In general, one is going to first migrate from an earlier major release of TDC where database model objects were single-model only, to a newer version of the product where database model objects are multi-models. Thus, first you must follow the instructions to upgrade to the new version of in TDC . Then, you will have a number of database model objects which are single-model imported models which must be migrated.

The migration may be performed on a per model basis or on a folder or the entire repository. This last option is the recommended route. The process will create new configurations based upon the existing ones for each configuration which contains one or more single model(s) that are migrated.

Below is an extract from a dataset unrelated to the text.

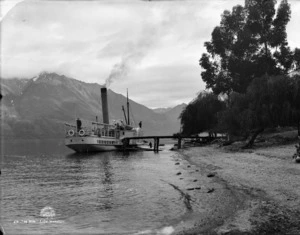 Scene at Lake Wakatipu with paddle steamer Mountaineer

The elements which are migrated include:

  • The imported model itself is re-harvested as a multi-model
  • Term classifications
  • Semantic mappings
  • Stitchings
  • Custom Attributes
  • Comments and Social Curation
  • Table level Relationships.

As part of the migration from single to multi model, certain structural data elements will change:

  • Schema -> Database Schema
  • Database -> Database Server .

This means that any custom attribute on Schema or Database objects cannot migrate until those same custom attributes are also assigned to the new structure data element (either Database Schema or Database Server ).

Steps

  1. Go to MANAGE > Custom Attributes .
  2. Select a custom attribute from the list which applies to either Scheme or Database .
  3. Click CHOOSE next to Scope and include either Database Schema or Database Server .
  4. Finish all the other custom attributes from the list which applies to either Scheme or Database .
  5. Go to MANAGE > Repository
  6. Right-click on the Repository at the root of the tree and select Operations > Migrate to multi-model databases .

Example

For this example, we used a special import directly from Oracle with two schemas ( Accounts Receivable and Accounts Payable ) rather than separate models from SQL Server DDL.

Information note

We ensure that we are creating a single-model database model by NOT specifying “-multi-model” in the Miscellaneous bridge parameter.

Information note

Note, this model is stitched to the existing PAYTRANS and Staging DW data stores.

Information note

Mapped using a data mapping to the Staging DW model.

Information note

The ADDRESS table is mapped semantically from the Finance glossary.

Information note

The CUSTOMER table is classified

Information note

The CUSTOMER table is commented on, certified, endorsed and warned, and has custom attribution.

Now, let’s migrate. Go to MANAGE > Repository and Right-click on the Repository at the root of the tree and select Operations > Migrate to multi-model databases.

Information note

The log presents any issues found.

Information note

There is a folder structure with the older configuration, before migration.

Information note

In the new configuration, we have this new model is stitched to the existing PAYTRANS and Staging DW data stores.

Information note

Mapped using a data mapping to the Staging DW model.

Information note

The CUSTOMER table is mapped semantically from the Finance glossary.

Information note

The CUSTOMER table is classified

Information note

The CUSTOMER table is commented on, certified, endorsed and warned, and has custom attribution.

Once you have verified that the migration was successful, you may delete the $$Database migration$$ folder which will remove the old single-model populated configurations.